▸ TASK BRIEF
Below is a set of entries; copy all of them exactly.

▸ ENTRIES SUPPLIED

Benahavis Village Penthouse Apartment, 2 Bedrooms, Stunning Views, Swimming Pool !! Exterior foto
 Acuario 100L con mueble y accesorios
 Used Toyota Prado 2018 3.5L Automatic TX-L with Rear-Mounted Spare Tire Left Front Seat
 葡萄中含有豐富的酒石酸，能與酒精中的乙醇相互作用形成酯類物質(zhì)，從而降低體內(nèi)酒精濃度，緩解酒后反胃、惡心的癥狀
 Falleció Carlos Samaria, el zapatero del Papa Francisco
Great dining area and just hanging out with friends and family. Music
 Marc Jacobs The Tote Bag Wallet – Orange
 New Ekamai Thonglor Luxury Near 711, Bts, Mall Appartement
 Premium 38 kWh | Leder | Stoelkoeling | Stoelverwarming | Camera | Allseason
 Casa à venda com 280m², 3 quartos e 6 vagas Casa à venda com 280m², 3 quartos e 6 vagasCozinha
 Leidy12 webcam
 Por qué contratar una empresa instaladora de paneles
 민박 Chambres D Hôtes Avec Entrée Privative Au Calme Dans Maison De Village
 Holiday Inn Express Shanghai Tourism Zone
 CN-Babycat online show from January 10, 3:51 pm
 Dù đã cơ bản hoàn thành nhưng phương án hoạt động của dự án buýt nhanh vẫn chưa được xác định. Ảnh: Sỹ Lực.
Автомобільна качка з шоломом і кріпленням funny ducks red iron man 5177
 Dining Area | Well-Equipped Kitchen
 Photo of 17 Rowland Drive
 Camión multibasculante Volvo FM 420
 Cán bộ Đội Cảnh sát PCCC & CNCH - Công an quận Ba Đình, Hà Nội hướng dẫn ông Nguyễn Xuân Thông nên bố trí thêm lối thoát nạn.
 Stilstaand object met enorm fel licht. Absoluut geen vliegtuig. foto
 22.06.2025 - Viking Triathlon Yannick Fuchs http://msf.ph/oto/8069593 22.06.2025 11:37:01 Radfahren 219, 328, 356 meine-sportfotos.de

▸ ANSWER TO THE EXERCISE
Benahavis Village Penthouse Apartment, 2 Bedrooms, Stunning Views, Swimming Pool !! Exterior foto
 Acuario 100L con mueble y accesorios
 Used Toyota Prado 2018 3.5L Automatic TX-L with Rear-Mounted Spare Tire Left Front Seat
 葡萄中含有豐富的酒石酸，能與酒精中的乙醇相互作用形成酯類物質(zhì)，從而降低體內(nèi)酒精濃度，緩解酒后反胃、惡心的癥狀
 Falleció Carlos Samaria, el zapatero del Papa Francisco
Great dining area and just hanging out with friends and family. Music
 Marc Jacobs The Tote Bag Wallet – Orange
 New Ekamai Thonglor Luxury Near 711, Bts, Mall Appartement
 Premium 38 kWh | Leder | Stoelkoeling | Stoelverwarming | Camera | Allseason
 Casa à venda com 280m², 3 quartos e 6 vagas Casa à venda com 280m², 3 quartos e 6 vagasCozinha
 Leidy12 webcam
 Por qué contratar una empresa instaladora de paneles
 민박 Chambres D Hôtes Avec Entrée Privative Au Calme Dans Maison De Village
 Holiday Inn Express Shanghai Tourism Zone
 CN-Babycat online show from January 10, 3:51 pm
 Dù đã cơ bản hoàn thành nhưng phương án hoạt động của dự án buýt nhanh vẫn chưa được xác định. Ảnh: Sỹ Lực.
Автомобільна качка з шоломом і кріпленням funny ducks red iron man 5177
 Dining Area | Well-Equipped Kitchen
 Photo of 17 Rowland Drive
 Camión multibasculante Volvo FM 420
 Cán bộ Đội Cảnh sát PCCC & CNCH - Công an quận Ba Đình, Hà Nội hướng dẫn ông Nguyễn Xuân Thông nên bố trí thêm lối thoát nạn.
 Stilstaand object met enorm fel licht. Absoluut geen vliegtuig. foto
 22.06.2025 - Viking Triathlon Yannick Fuchs http://msf.ph/oto/8069593 22.06.2025 11:37:01 Radfahren 219, 328, 356 meine-sportfotos.de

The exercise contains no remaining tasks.